As CTO of Gauntlet AI, he's trained over 1,000 devs through a program that's become legendary in the AI community. The reason: people who graduate ship production systems that actually work when push comes to shove. His evaluation framework is the core of what he teaches—and he just open-sourced the entire thing. Notebooks, schemas, configuration templates, everything.

the result: If you're the one who has to explain why the chatbot hallucinated in front of a customer, this framework is for you. By the end of this workflow, you'll have a library of test cases that prove your system works. You catch failures before users do. And over time, that library becomes a moat—proprietary data competitors can't clone, even if they copy every other feature you have.

Master Mr. Miyagi's method for machine trust in 5 moves:

build your golden set
test the weird stuff
build a replay harness
create your rubric
run experiments

UNLOCK OUR FREE PLAYBOOK

1. build your golden set

If you're reading this, you're one of three people: the engineer building this thing, the PM who owns it, or the boots-on-the-ground expert whose job is being automated—or who at least knows what good looks like.

We're talking about AI systems that take requests and do stuff—chatbots that answer questions, agents that pull data or take actions, copilots embedded in your product. If your system takes an input and generates an output, this applies.

Sit down together. Identify the 30–50 most important things your AI should handle correctly for that expert. Not edge cases yet—just the core stuff. The requests that, if broken, make the whole system useless.

For each one, write down:

the input: What the user asks
must do: What tools get called, what sources get retrieved
must say: Keywords that have to appear
must NOT say: Keywords that should never appear

Run each test manually.

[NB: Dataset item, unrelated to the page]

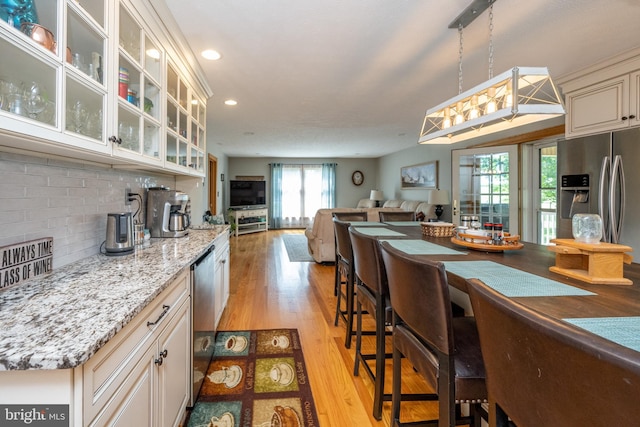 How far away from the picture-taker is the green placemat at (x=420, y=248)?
157 centimetres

You and your PM check them off one by one. Get lazy or sloppy here, and everything downstream inherits the slop.

2. test the weird stuff

Your golden set covers the common requests. That's exactly what it should do. Labeled scenarios catch everything else—edge cases, strange phrasings, multi-step requests that make your system hesitate or fail silently.

The approach: create a matrix of categories (domain × tool type) and systematically fill the gaps. If your HR agent handles PTO questions but breaks on visa requirements, that's a labeled scenario you're missing. You can use an LLM to generate variations of existing test cases, but a human still needs to validate that the generated scenarios actually make sense.

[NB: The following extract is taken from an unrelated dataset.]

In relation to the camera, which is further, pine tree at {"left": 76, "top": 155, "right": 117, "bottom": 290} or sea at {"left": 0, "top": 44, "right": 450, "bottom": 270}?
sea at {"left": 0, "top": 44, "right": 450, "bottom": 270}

pro tip: Track your coverage gaps explicitly—preferably in a visual matrix. Those gaps are exactly where production failures hide, waiting for a real user to stumble into them. Here's what we mean using that HR agent example:

3. build a replay harness

wtf is it: A recording system for your AI interactions.

Running your full test suite against a live system every time you tweak a prompt gets expensive fast. A replay harness fixes this. It documents the exact state of each interaction—input, system prompts, tool calls, sources retrieved—so you can replay them with modified configurations without burning another API call.

This is also where you graduate from binary pass/fail to actual numeric scores.

for retrieval systems: Track precision (of the docs you retrieved, how many were relevant?) and recall (of all the relevant docs, how many did you actually grab?).
for agents: Track tool call accuracy (did it call the right tool at the right time?).

Pick 2–3 metrics to start. More than that, and you'll drown.

4. create your rubric

Remember the rubrics your English teacher handed out in 8th grade? The ones that told you exactly what an A looked like versus a C? Same concept—but now you're teaching an LLM how to grade.

The scoring system: accuracy, completeness, groundedness, tone.

The LLM applies it consistently across thousands of outputs. But you don't just write a rubric and hand it over. You calibrate the LLM-as-judge against human judgment first.

Run 50–100 examples through both human and LLM scoring.
Find where they disagree.
Figure out why.
Adjust the rubric wording.
Re-run.
Keep going until LLM scores match human scores within half a point.

Once calibrated, the LLM can grade thousands of outputs while your humans spot-check monthly to catch drift.

5. run experiments

With the infrastructure in place, you can finally test different configurations against each other. When a new model drops or you want to try a prompt rewrite, create a new configuration and run your entire eval suite against both the baseline and the variant.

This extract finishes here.